Now here’s the potential problem. My sister has asked whether she should bring a jar containing my share of the ashes of my late parents. I’m not too sure that leaving Morocco and flying back into SA with a jar of ashes isn’t going to excite the customs people. They are going to assume that I am bringing back drugs and they are certainly not going to believe me when I tell them that I am carrying the ashes of my dead parents. So, we are going to have to make a plan.

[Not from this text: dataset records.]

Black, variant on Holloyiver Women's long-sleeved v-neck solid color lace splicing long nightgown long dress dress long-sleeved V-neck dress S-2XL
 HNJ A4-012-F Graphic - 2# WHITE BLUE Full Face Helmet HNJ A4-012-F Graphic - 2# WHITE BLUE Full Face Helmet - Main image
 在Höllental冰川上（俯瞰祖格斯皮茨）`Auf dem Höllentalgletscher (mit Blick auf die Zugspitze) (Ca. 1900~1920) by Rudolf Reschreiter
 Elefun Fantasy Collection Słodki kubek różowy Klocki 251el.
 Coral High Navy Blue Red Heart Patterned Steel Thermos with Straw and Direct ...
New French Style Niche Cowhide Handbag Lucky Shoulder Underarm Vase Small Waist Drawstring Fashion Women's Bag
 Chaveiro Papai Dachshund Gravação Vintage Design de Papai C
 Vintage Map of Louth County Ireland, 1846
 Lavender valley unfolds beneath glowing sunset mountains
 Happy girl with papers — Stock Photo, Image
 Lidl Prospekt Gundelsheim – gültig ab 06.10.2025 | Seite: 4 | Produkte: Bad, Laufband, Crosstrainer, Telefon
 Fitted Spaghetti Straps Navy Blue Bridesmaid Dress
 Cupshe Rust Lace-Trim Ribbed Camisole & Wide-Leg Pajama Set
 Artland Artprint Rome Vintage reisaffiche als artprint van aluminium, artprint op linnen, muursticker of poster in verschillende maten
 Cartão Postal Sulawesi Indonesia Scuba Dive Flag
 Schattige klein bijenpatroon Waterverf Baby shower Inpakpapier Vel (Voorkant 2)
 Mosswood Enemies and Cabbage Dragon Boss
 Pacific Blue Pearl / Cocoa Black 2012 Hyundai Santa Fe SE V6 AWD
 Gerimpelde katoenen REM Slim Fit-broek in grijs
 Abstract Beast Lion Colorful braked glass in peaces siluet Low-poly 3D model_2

Fortunately, both my parents had a keen sense of the ridiculous and would appreciate this dilemma. When my father pre-deceased my mother she took delivery of a very handsome urn containing his ashes and put it on the window sill of the living room. Then she decided that it was too morbid having an urn containing the incinerated remains of her husband of 54 years staring at her while she was watching her favourite TV programme and she moved “Dad” to a spare bedroom. When Mum died last year she was also cremated according to her wishes and it was decided to put the ashes with my father’s ashes and make a sort of crematorium cocktail. This has now been split into three for all the children and they have already been sprinkled on my brother’s rose garden in Scotland. My sister is going to sprinkle her share around the grave of my maternal grandfather which leaves me to come up with something innovative. Both my parents were keen and regular visitors to South Africa and I don’t think they’d object at all to being emptied into a strong Cape Town south easter or scattered from the top of the Amphitheatre in the Drakensberg. At a pinch, they would even have been quite happy to be gently drizzled out of the side of a game viewing vehicle in the Kruger Park.

But now I have to get them back here. We’ve already agreed that the jar has to go and they have to be decanted into a jiffy bag with a sealable top. I don’t want to put them in my main luggage because that seems a bit disrespectful and they might get nicked. So I am going to have to carry them in my hand baggage where they can enjoy a bit of business class luxury. That means I am going to have to shuffle along the security line at the airport with my toothpaste, deodorant, floss, shaving kit and other toiletries for the flight in one see through bag and my parent’s ashes in the other see through bag. Maybe there’s a law against this of which I am unaware. Are you allowed to bring ash into South Africa? But what I am really worried about is that I will get up at 3 in the morning on the flight for a visit to the bathroom and take the wrong see through bag. In my dazed state I will accidentally flush both my parents down the toilet of an aircraft at 32000 feet. And I’m not sure even their keen sense of the ridiculous would appreciate that.